== Data provided

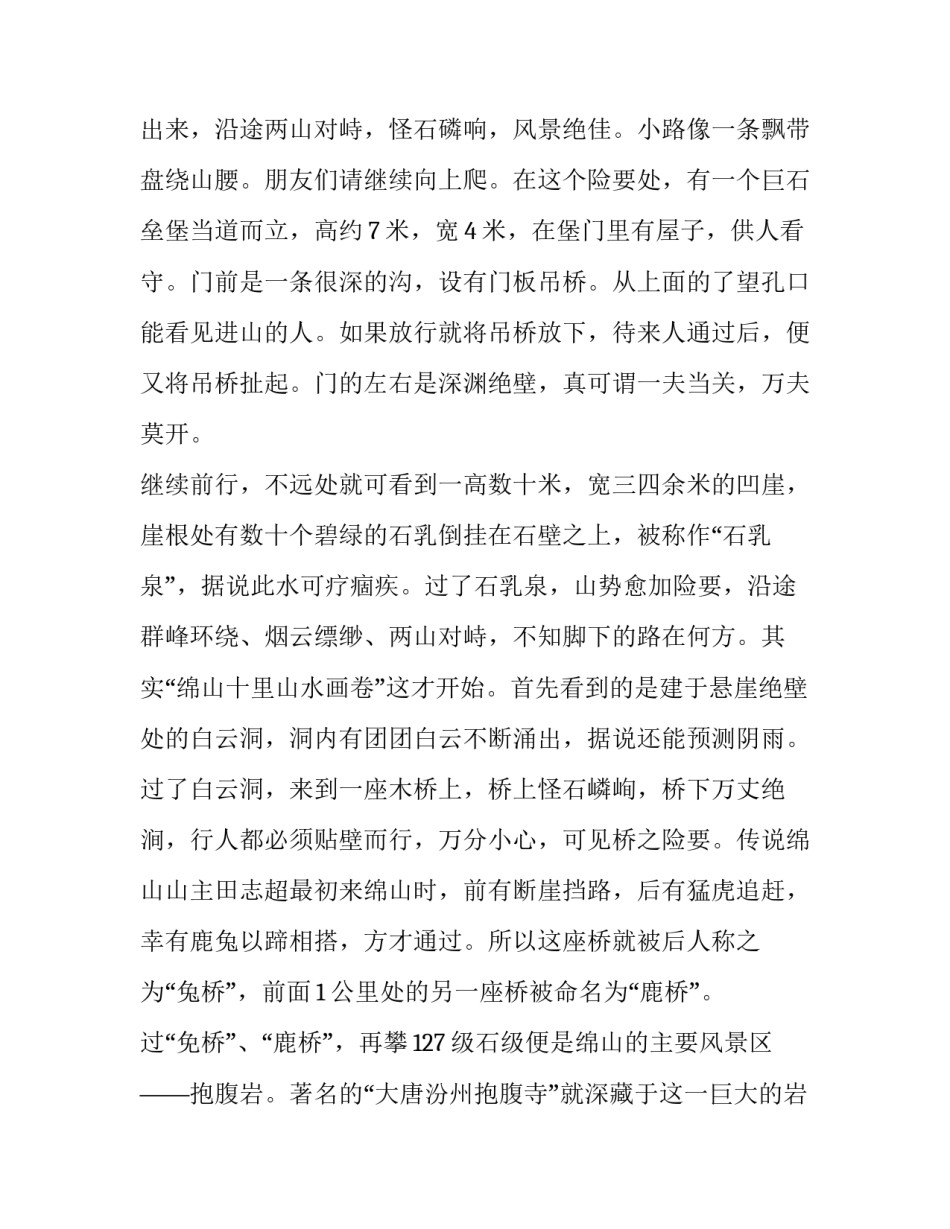 山西永鑫心得体会范文 山西这十年的发展心得体会范文(七篇)_第3页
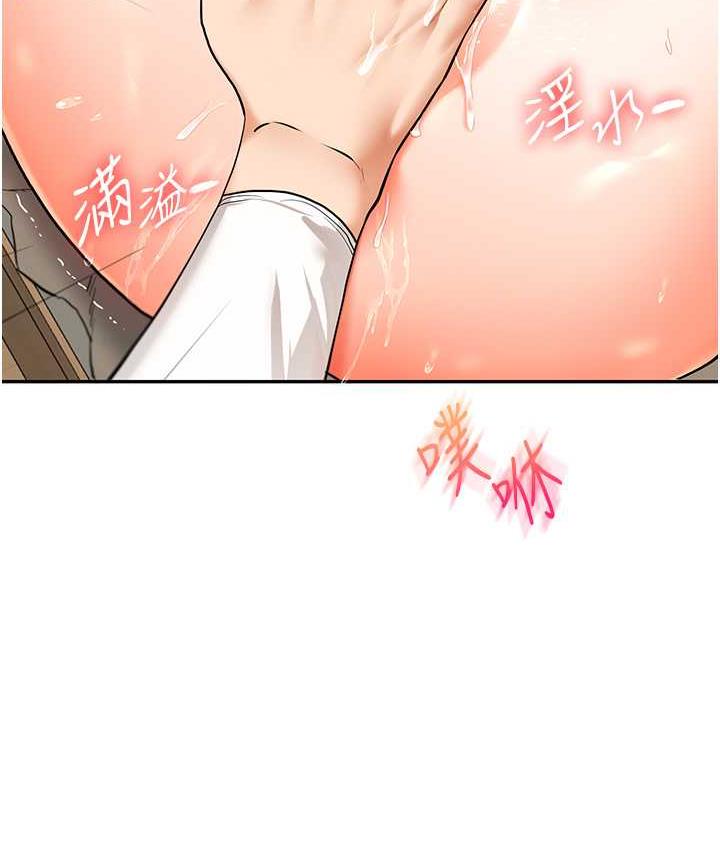 [Manhwa] Play with the senior sister Plot, female student#[165P]-137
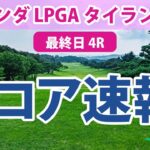 『ホンダ LPGAタイランド』　激戦の 最終日結果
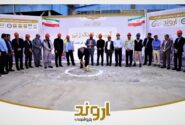 «اروند» پیشتاز محیط زیست در مسیر صنعت سبز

====

**Exercise brief:** Return the data exactly. Do not carry over any images.

**Written solution:**
 山西永鑫心得体会范文 山西这十年的发展心得体会范文(七篇)_第3页
 [Manhwa] Play with the senior sister Plot, female student#[165P]-137
 『ホンダ LPGAタイランド』　激戦の 最終日結果
 «اروند» پیشتاز محیط زیست در مسیر صنعت سبز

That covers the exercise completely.